Naively, I was excited to see both Mechanical Owl (above) and Zefur Wolves (below) on the basis of their recent and absolutely stunningly outstanding albums, both released this year.
Neil you fool! Both those albums (‘Winter Songs’ and ‘Zefur Wolves’) are dripping in pure production. A production most bands will never get anywhere near when they plonk their tracks down onto tape; and for many there’s no need for it. These two bands however made a rod for my own back with such exquisite releases.
So yeah, I was initially disappointed when I saw the opening songs by both Zefur Wolves and Mechanical Owl. I soon came to my senses and slapped my ruddy cheeks and enjoyed the bare, stripped down versions of the material; cool vibes being played in a cool atmosphere by ultra cool musicians.
Had I done it the other way round and seen the bands then bought the albums (like in the good old days) it would have then been a moment of extra wonderment on playing them.
I played them anyway when I got home – and so should you too…

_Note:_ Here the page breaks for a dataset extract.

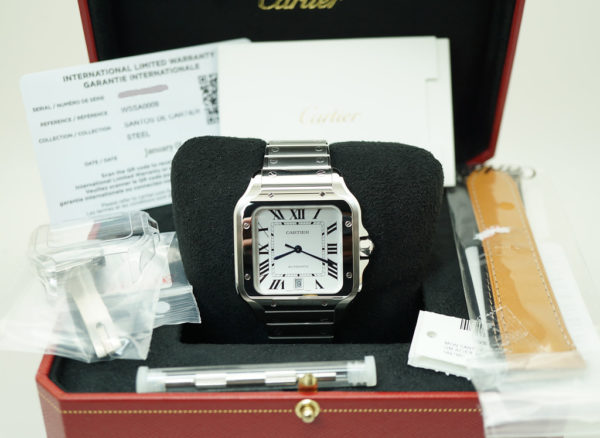 BRAND NEW Cartier SANTOS DE CARTIER LARGE MODEL AUTOMATIC SILVER DIAL 2021 FULL SET - Image 2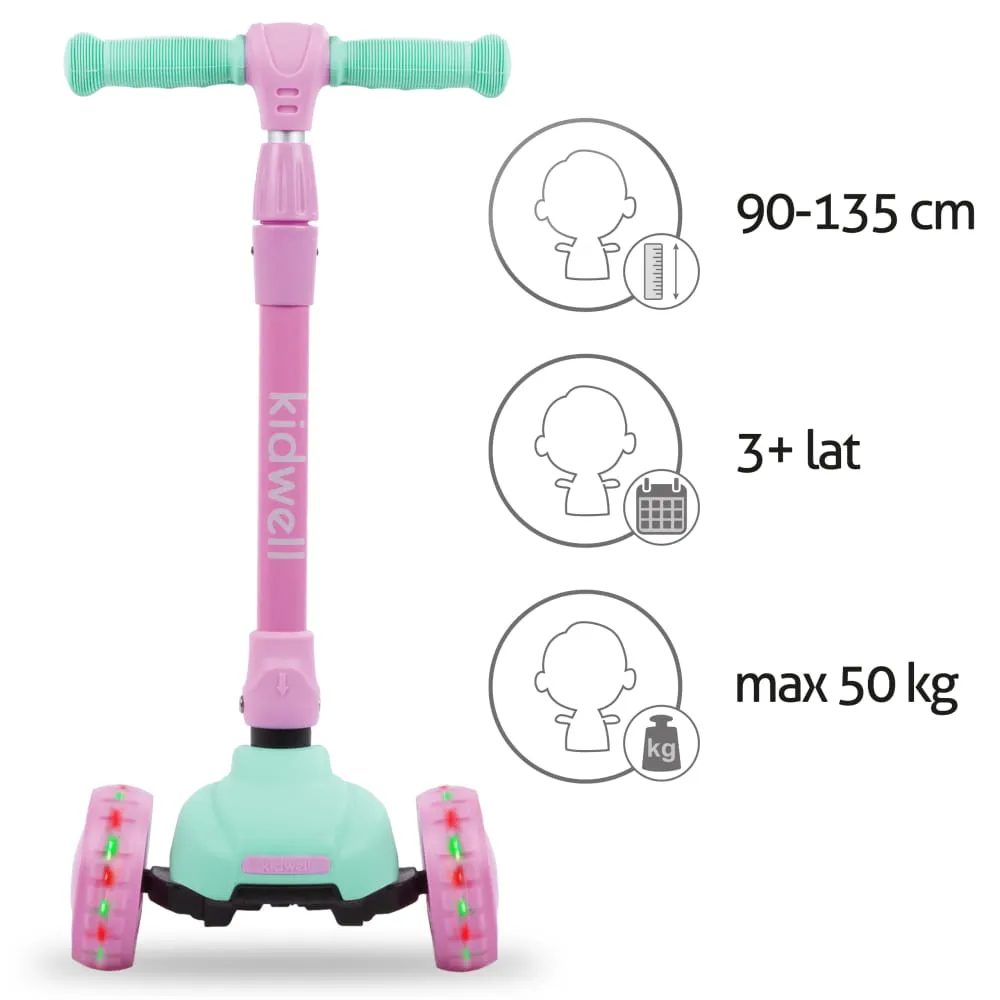 Трехколесный самокат Kidwell Jax Mint/Pink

If I had a pound for every time someone this week said, ‘I hear you’re camping!’ I’d be six quid richer..
So I do a bit of camping from time to time… I can handle it… Also, not drinking led to being able to save on not only alcohol bills but also taxi fares; although I do hear that Carlsberg shares have shot down as a result.
Doing Focus Wales stone cold sober did mean there’ll be no photos of us partaking in the drunken debauchery of last year but at least I can remember the bands and won’t be making up the reviews!
Modern King (pic above) opened up the floodgates of the fourth and final day of this damn fine festival with that great guitar playing and that to-the-point drumming of those damn fine songs.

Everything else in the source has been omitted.